• _THE PROBLEM_:
Output every entry exactly, without any pictures.

━━━━━━━━━━

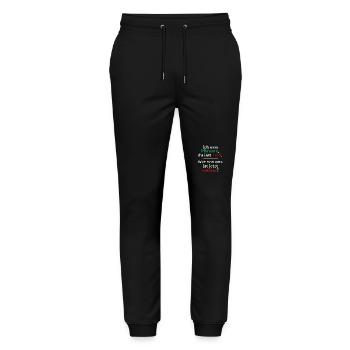 Wer ist jetzt extrem? Veganes Statement - Stanley/Stella Unisex Bio Jogginghose Mover  - Schwarz - Vorne - Marisol (170cm) & Nik (191cm)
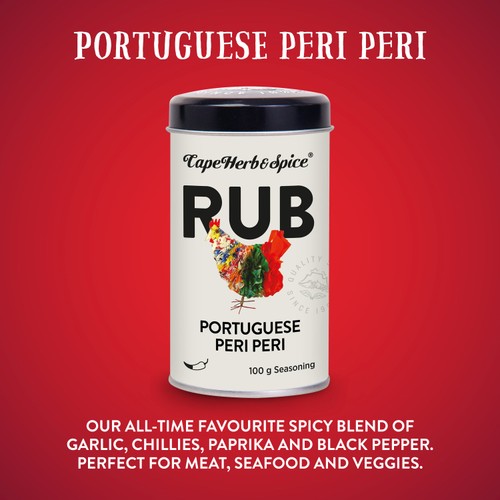 Cape Herb & Spice Rub Portuguese Peri Peri Seasoning
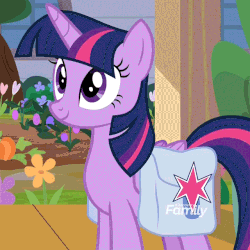 Size: 640x640 | Tagged: safe, edit, edited screencap, editor:sponandi, screencap, twilight sparkle, alicorn, pony, the point of no return, animated, cropped, cute, female, frown, gif, loop, saddle bag, smiling, solo, square, twiabetes, twilight sparkle (alicorn)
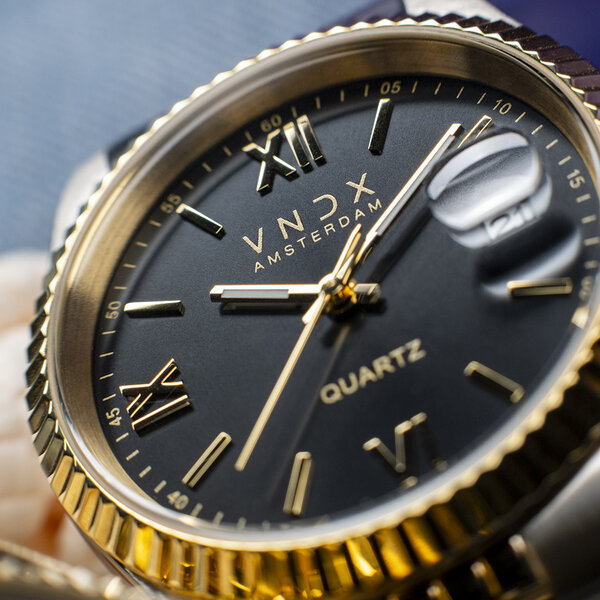 VNDX Amsterdam VNDX Dare Devil XL Silver Gold Black MT43008-01 women's watch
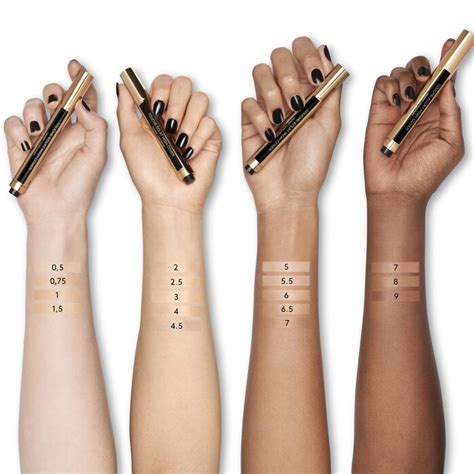 ysl radiant touch dupe|ysl touche eclat colour chart.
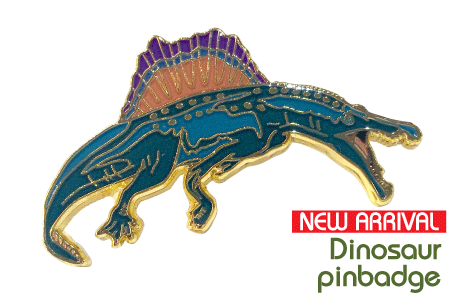 ダイナソーピンバッジ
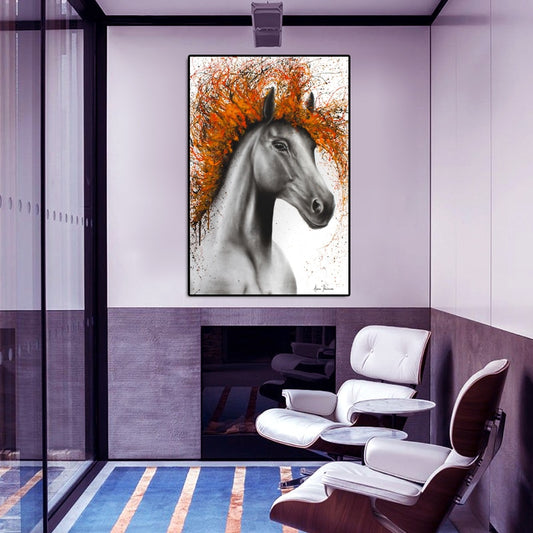 Colourful Horse Canvas Picture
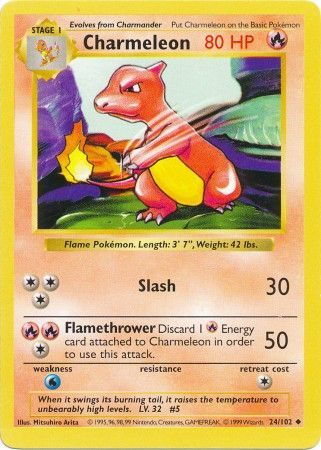 Charmeleon (24/102) [Base Set Shadowless Unlimited] | Game Master's Emporium (The New GME)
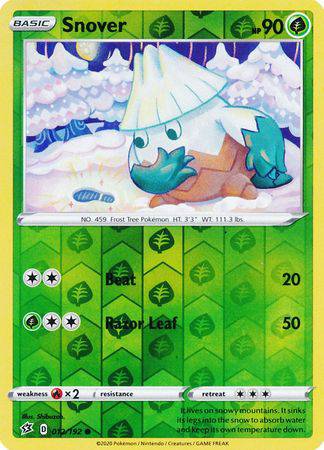 Snover : REBEL CLASH (Reverse holo) - 012/192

━━━━━━━━━━

• _PROBLEM SOLUTION_:
 Wer ist jetzt extrem? Veganes Statement - Stanley/Stella Unisex Bio Jogginghose Mover  - Schwarz - Vorne - Marisol (170cm) & Nik (191cm)
 Cape Herb & Spice Rub Portuguese Peri Peri Seasoning
 Size: 640x640 | Tagged: safe, edit, edited screencap, editor:sponandi, screencap, twilight sparkle, alicorn, pony, the point of no return, animated, cropped, cute, female, frown, gif, loop, saddle bag, smiling, solo, square, twiabetes, twilight sparkle (alicorn)
 VNDX Amsterdam VNDX Dare Devil XL Silver Gold Black MT43008-01 women's watch
 ysl radiant touch dupe|ysl touche eclat colour chart.
 ダイナソーピンバッジ
 Colourful Horse Canvas Picture
 Charmeleon (24/102) [Base Set Shadowless Unlimited] | Game Master's Emporium (The New GME)
 Snover : REBEL CLASH (Reverse holo) - 012/192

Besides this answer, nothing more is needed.